By using this approach, the system ensures that it doesn’t enter into an infinite boot loop with problematic slots. Instead, it gracefully degrades to a state that allows user intervention. In some situations, booting into a rescue shell may be a good alternative – this can be done by setting the corresponding default
slot instead.
Benefits and Use Cases
The primary advantage of this approach is its robustness. A system configured with this GRUB2 setup won’t remain stuck in an endless boot loop. Instead, it’ll disable slots that fail to boot after a certain number of tries. This makes the system both smart and self-healing, offering automatic failover by switching to the next available slot when one fails.
Modifying Variables with grub-editenv
The variables – such as MAX_RETRIES
, A_OK
, and B_OK
can be modified using the grub-editenv
utility. This can be useful for scenarios where you want to manually override the automatic behavior, for testing or debugging purposes.

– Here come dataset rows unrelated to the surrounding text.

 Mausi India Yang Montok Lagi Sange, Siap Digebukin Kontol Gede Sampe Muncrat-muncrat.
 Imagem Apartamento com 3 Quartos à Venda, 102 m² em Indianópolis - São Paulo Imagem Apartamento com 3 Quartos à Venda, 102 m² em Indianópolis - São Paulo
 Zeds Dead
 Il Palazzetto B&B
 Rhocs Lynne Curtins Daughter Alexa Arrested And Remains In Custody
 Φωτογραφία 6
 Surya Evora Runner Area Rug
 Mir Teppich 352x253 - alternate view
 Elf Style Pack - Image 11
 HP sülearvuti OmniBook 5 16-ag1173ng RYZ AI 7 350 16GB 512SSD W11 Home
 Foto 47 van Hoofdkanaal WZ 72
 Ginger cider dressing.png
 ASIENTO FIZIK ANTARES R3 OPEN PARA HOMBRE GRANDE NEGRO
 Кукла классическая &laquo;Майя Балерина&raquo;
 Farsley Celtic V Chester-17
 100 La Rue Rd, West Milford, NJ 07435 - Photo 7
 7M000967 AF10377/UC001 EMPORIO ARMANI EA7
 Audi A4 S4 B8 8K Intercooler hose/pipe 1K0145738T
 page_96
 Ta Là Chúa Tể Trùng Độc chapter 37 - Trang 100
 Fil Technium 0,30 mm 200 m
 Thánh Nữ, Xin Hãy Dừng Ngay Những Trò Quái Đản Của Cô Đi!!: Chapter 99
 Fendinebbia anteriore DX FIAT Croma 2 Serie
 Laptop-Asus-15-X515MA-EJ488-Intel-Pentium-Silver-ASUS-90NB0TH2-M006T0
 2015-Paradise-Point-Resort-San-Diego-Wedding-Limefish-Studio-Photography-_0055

# Example: Setting MAX_RETRIES to 5
grub-editenv /boot/grub/grubenv set "MAX_RETRIES=5"
Integration with RAUC
For those who are using the Robust Auto-Update Controller (RAUC) for managing updates on their embedded systems, this GRUB2 configuration can be plugged in seamlessly. While a full explanation is out of scope here, know that RAUC can set these GRUB environment variables as part of its update process, enhancing the reliability of your updates.
Conclusion
With a simple tweak in your GRUB2 configuration, you can make your systems more resilient and easier to maintain. So go ahead and integrate this setup into your projects.